At the 2013 Wyndham Championship, Reed played his way into a playoff against amateur-days rival Jordan Spieth, a hotshot rookie being touted as the future of U.S. golf. On the second extra hole Reed lost his drive into the trees. With a hook stance, he played a low, screaming cut under the branches, over a bunker and to within seven feet of the hole. It might have been the shot of the year on Tour, and Reed brushed in the putt to vanquish Spieth. He hasn’t stopped winning since.
As Reed has backed up his big talk, his colleagues have grudgingly begun to accept him; even feelings about his notorious top five comment have softened. Says Matt Kuchar, “A lot of guys out here might think that, but he’s the only one with the guts to say it. Good for him.”
The natural progression for Reed is to begin contending at the major championships. Augusta National is a particularly good fit, given that he’s a streaky-good putter and his high draw is the ideal ball flight. To win down the street from his college stomping grounds would be a storybook accomplishment, notwithstanding the complications of having his estranged parents in town.

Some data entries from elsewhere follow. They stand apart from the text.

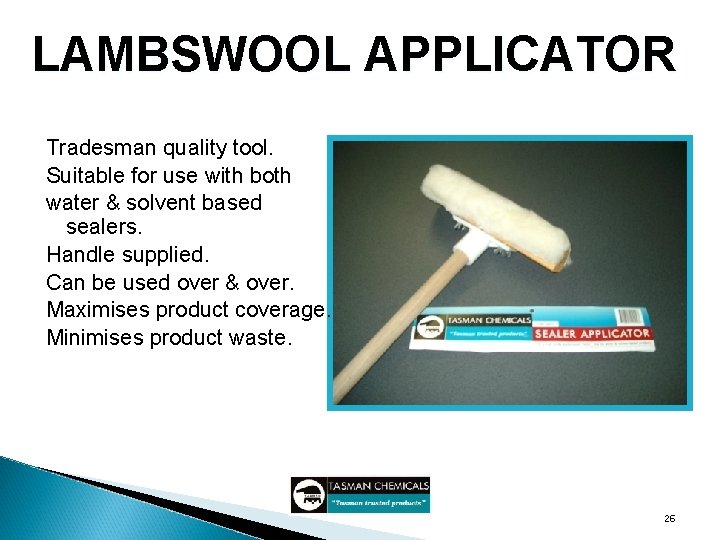 LAMBSWOOL APPLICATOR Tradesman quality tool. Suitable for use with both water & solvent based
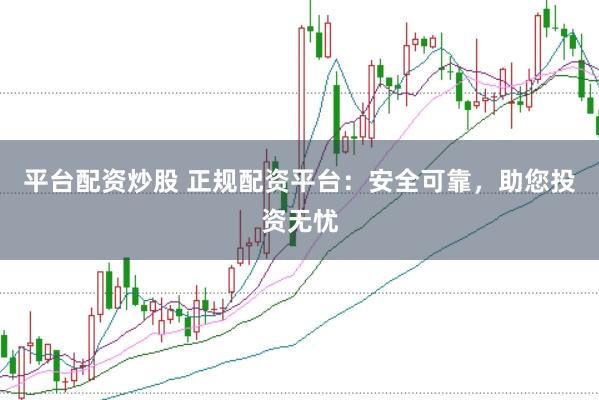 平台配资炒股 正规配资平台：安全可靠，助您投资无忧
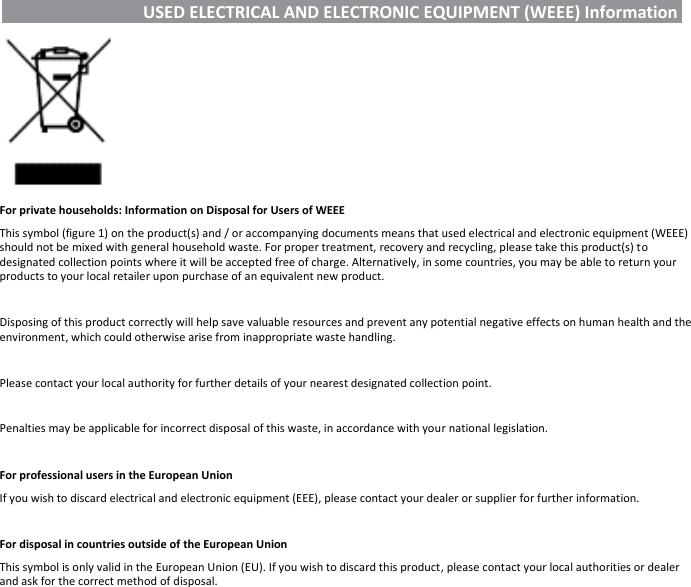   USED ELECTRICAL AND ELECTRONIC EQUIPMENT (WEEE) Information     For private households: Information on Disposal for Users of WEEE This symbol (figure 1) on the product(s) and / or accompanying documents means that used electrical and electronic equipment (WEEE) should not be mixed with general household waste. For proper treatment, recovery and recycling, please take this product(s) to designated collection points where it will be accepted free of charge. Alternatively, in some countries, you may be able to return your products to your local retailer upon purchase of an equivalent new product.  Disposing of this product correctly will help save valuable resources and prevent any potential negative effects on human health and the environment, which could otherwise arise from inappropriate waste handling.  Please contact your local authority for further details of your nearest designated collection point.  Penalties may be applicable for incorrect disposal of this waste, in accordance with your national legislation.  For professional users in the European Union If you wish to discard electrical and electronic equipment (EEE), please contact your dealer or supplier for further information.  For disposal in countries outside of the European Union This symbol is only valid in the European Union (EU). If you wish to discard this product, please contact your local authorities or dealer and ask for the correct method of disposal.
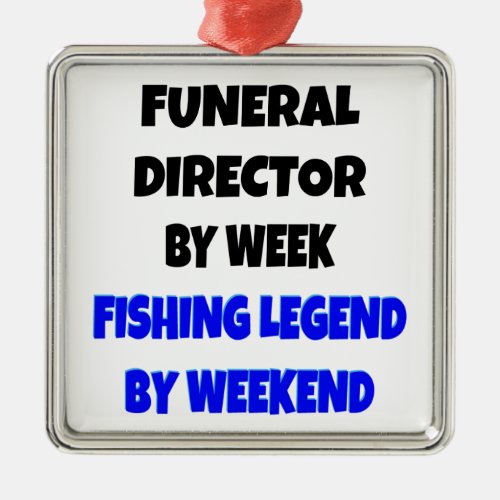 Fishing Legend Funeral Director Metal Ornament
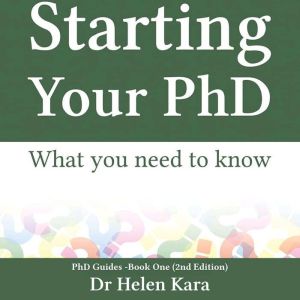 Starting Your PhD: What you need to know (PhD Guides Book 1)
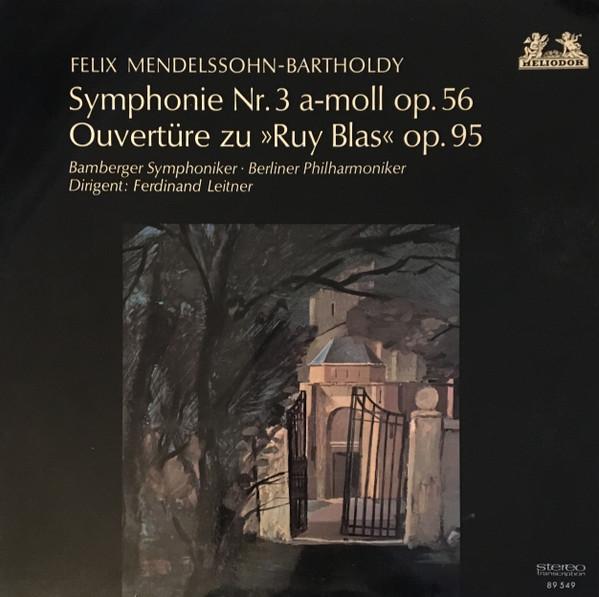 

LP Record FELIX MENDELSSOHN-BARTHOLDY, BAMBER - Symphony No. 3 in A minor, Op. 56 / 89549 Heliodor 1966 Germany Classical Used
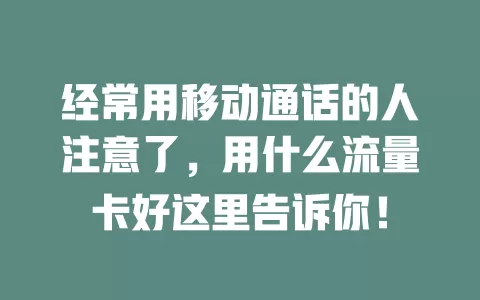 经常用移动通话的人注意了，用什么流量卡好这里告诉你！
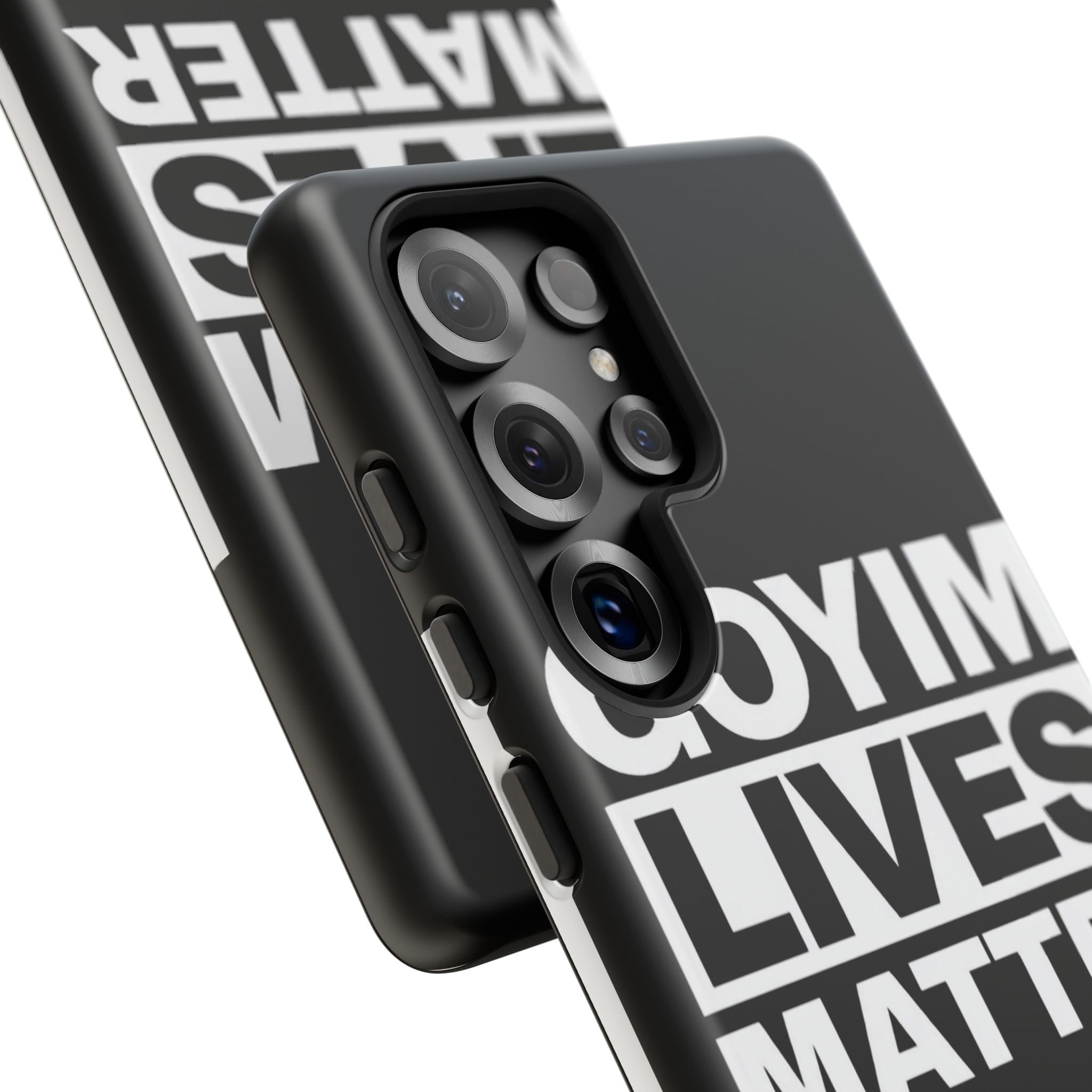 Phone Case — "Goyim Lives Matter" Bold Statement Tough Case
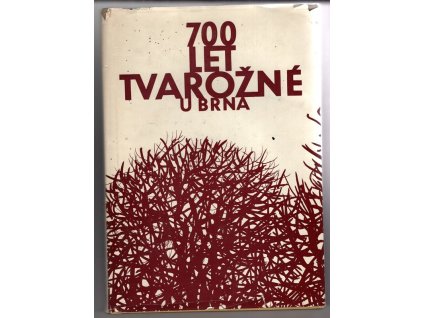 700 let Tvarožné u Brna - Soubor příspěvků z kulturní minulosti obce, 1988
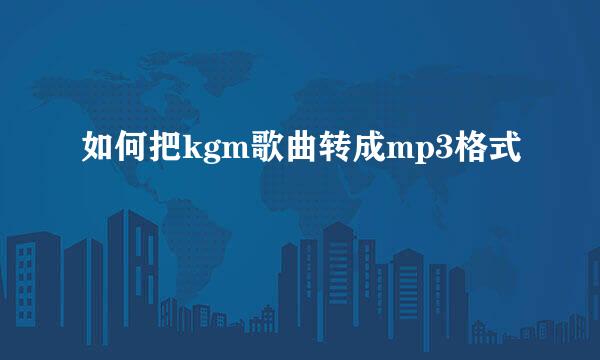 如何把kgm歌曲转成mp3格式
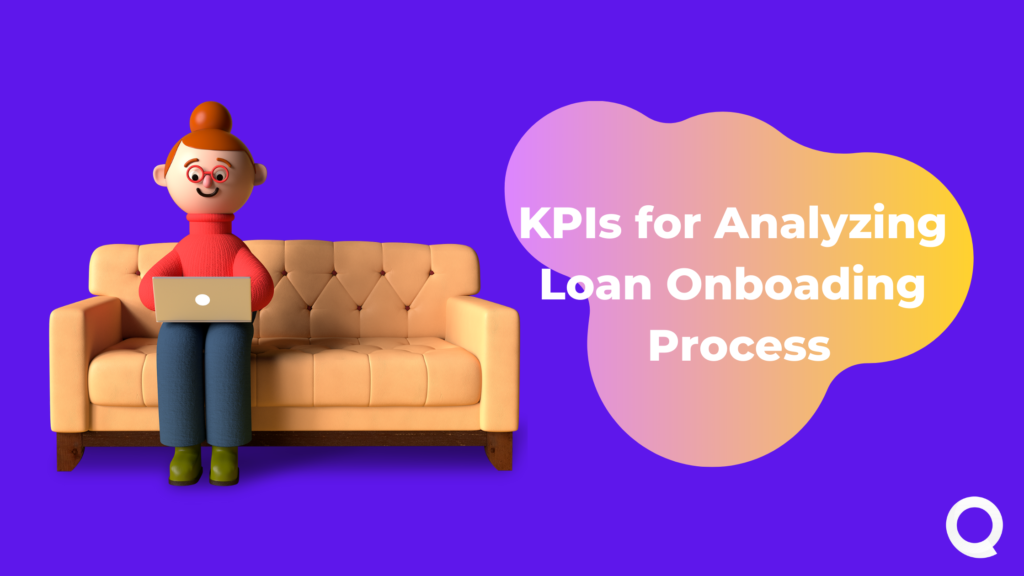 KPIs for Analyzing Loan Onboarding Process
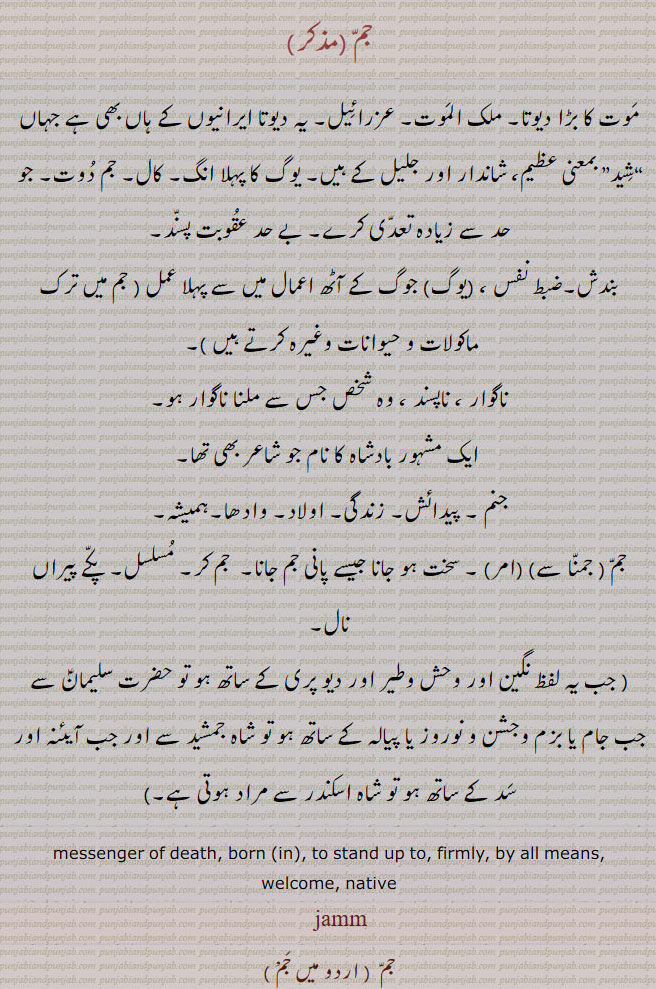  jam, jamm,ਜਮ, Yam, The angel of death,  messenger of death; god of death, yama; also  death, ਜਮਕਾਲ, ਜਮ,
  بادشاہ , جمشید, حضرت سلیمان,جم ثانی ،جن پری نگیں، آئینہ اور سدّ کے ،ساتھ , شاہ اسکندر , بڑا بادشاہ  ,موت ملک الموت , ناگوار , ناپسند ، وہ شخص جس سے ملنا ناگوار ہو ,جنم, پیدائش, زندگی, اولاد, سخت ہو جانا, جم کر, مسلسل,, جم دوت, کال, عقوبت پسند, جم 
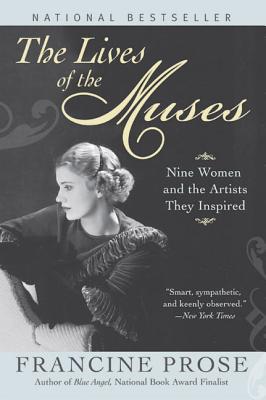 The Lives of the Muses: Nine Women & the Artists They Inspired - Francine Prose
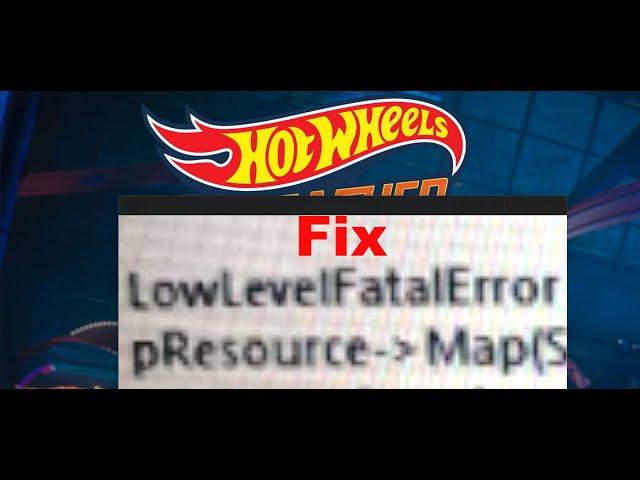 Fix HOT WHEELS UNLEASHED Fatal/LowLevelFatalError Error On PC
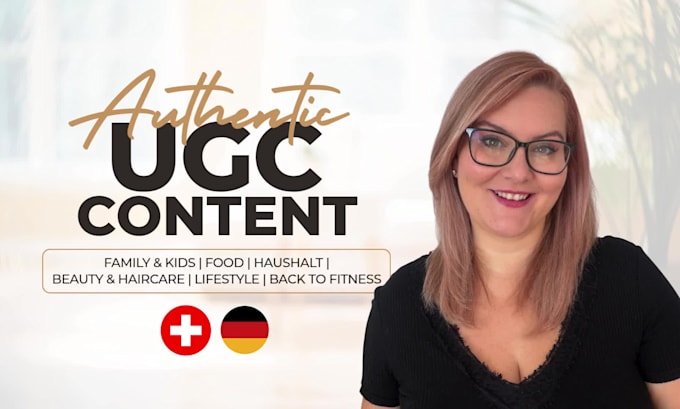be your swiss german ugc creator for authentic video content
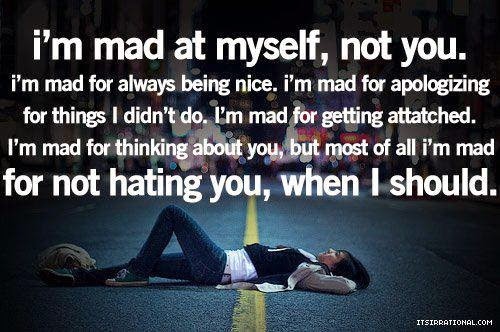 I'm mad at myself, not you. I'm mad for always being nice. I'm mad for ...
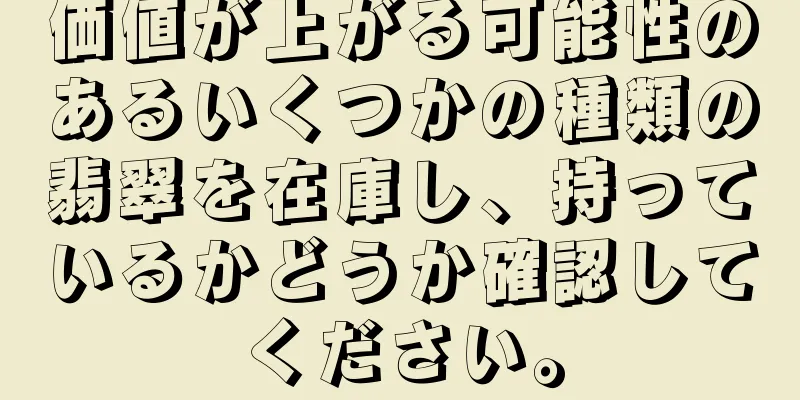 価値が上がる可能性のあるいくつかの種類の翡翠を在庫し、持っているかどうか確認してください。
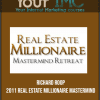 Richard Roop - 2011 Real Estate Millionaire Mastermind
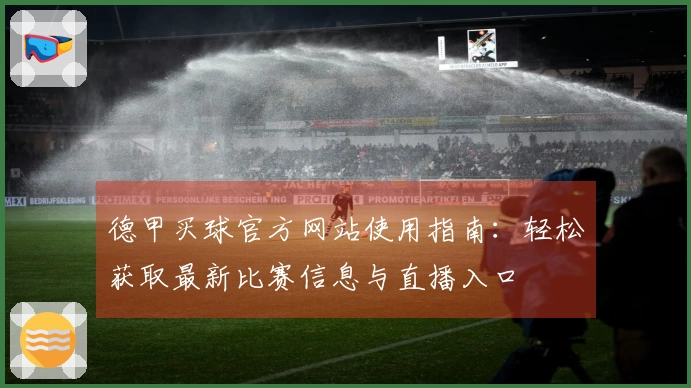 德甲买球官方网站使用指南：轻松获取最新比赛信息与直播入口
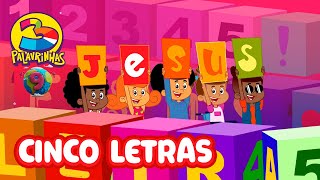 Cinco Letras | 3 Palavrinhas | Volume 9 | OFICIAL (Desenho Infantil)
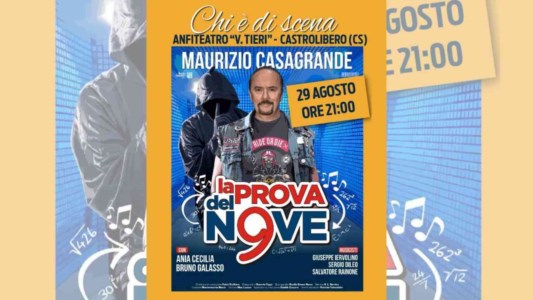 Lo spettacoloCastrolibero, al teatro Tieri arriva Maurizio Casagrande con il suo “La prova del nove”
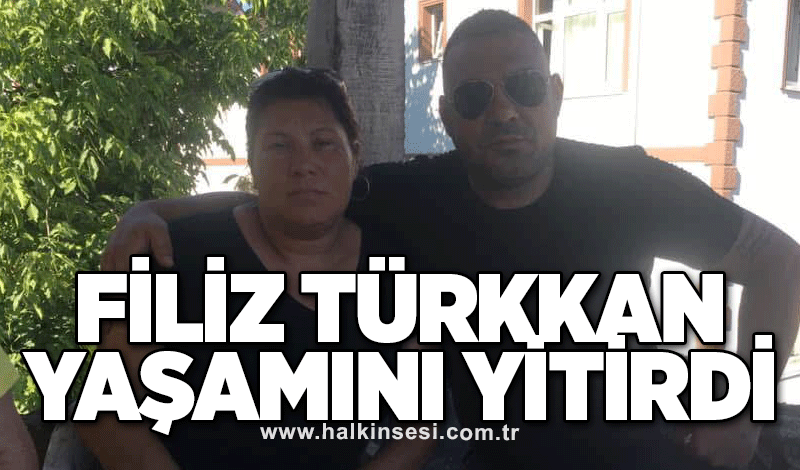 Filiz Türkkan yaşamını yitirdi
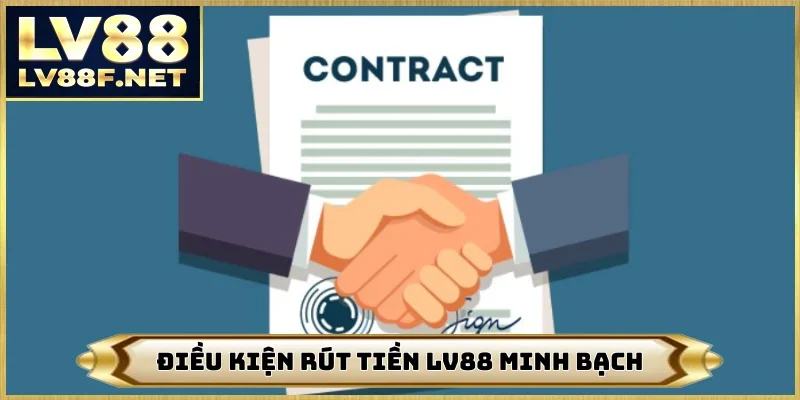 Điều kiện rút tiền LV88 minh bạch
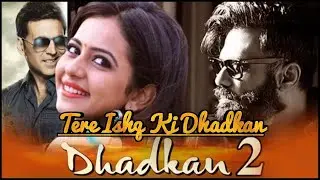 Tere Ishq Ki Dhadkan - Dhadkan 2 - Suniel Shetty & Akshay Kumar - Movie New Song. Fan Made. #newsong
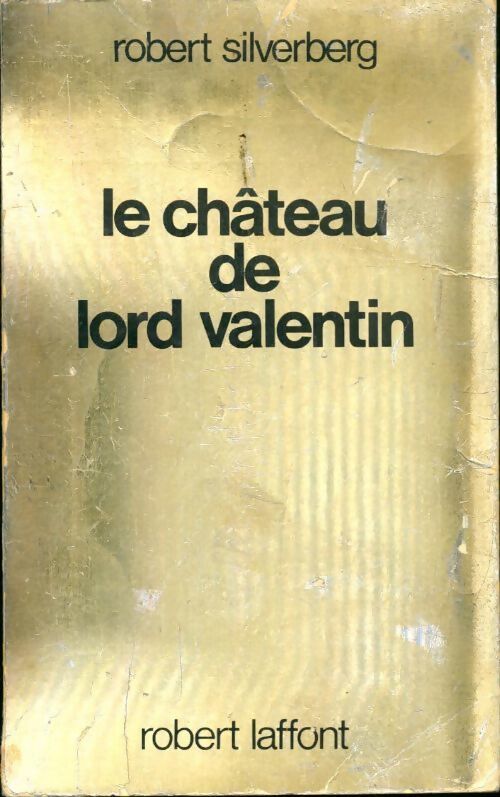 Le château de Lord Valentin - Robert Silverberg - Livre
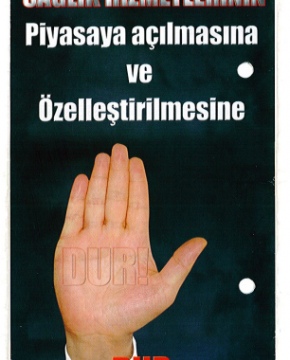 Sağlık Hizmetlerinin Özelleştirilmesine Dur Diyelim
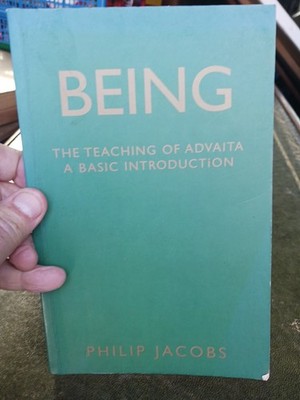 Being: The Teaching of Advaita, a Basic Introduction - Philip Jacobs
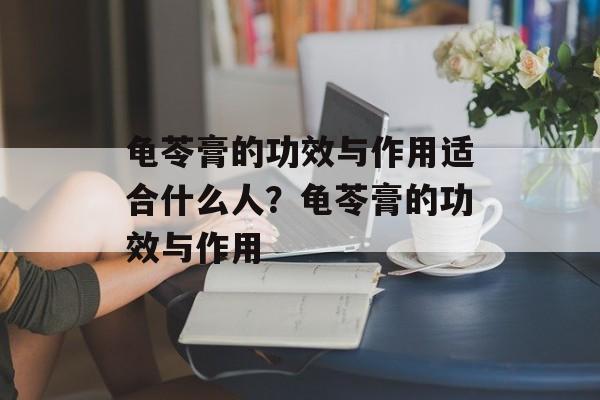龟苓膏的功效与作用适合什么人？龟苓膏的功效与作用-第1张图片-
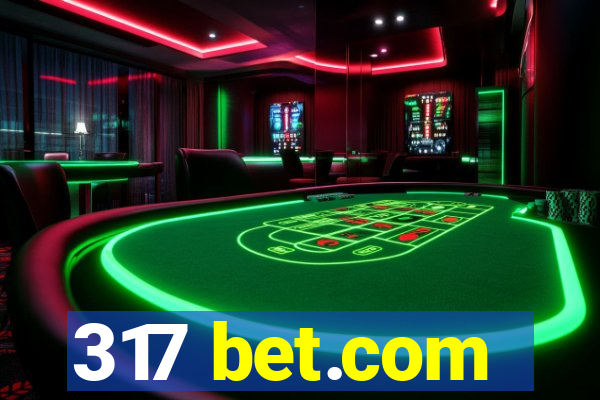 317 bet.com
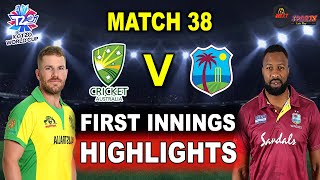 AUS vs WI FIRST INNINGS HIGHLIGHTS MATCH 38 T20 WORLD CUP 2021 | AUSTRALIA vs WEST INDIES HIGHLIGHTS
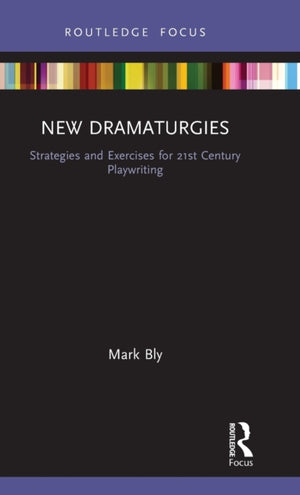 New Dramaturgies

Justine is looking forward to her husband’s considerable achievements being celebrated without the shadows of the past. “He didn’t grow up at a fancy country club. He was a Monday qualifier who’s had to fight for everything he’s ever gotten,” she says. “Why can’t we have that fairy tale too?”
A good fairy tale needs a hero and a villain. What makes Reed so compelling is that he’s perfect for either role.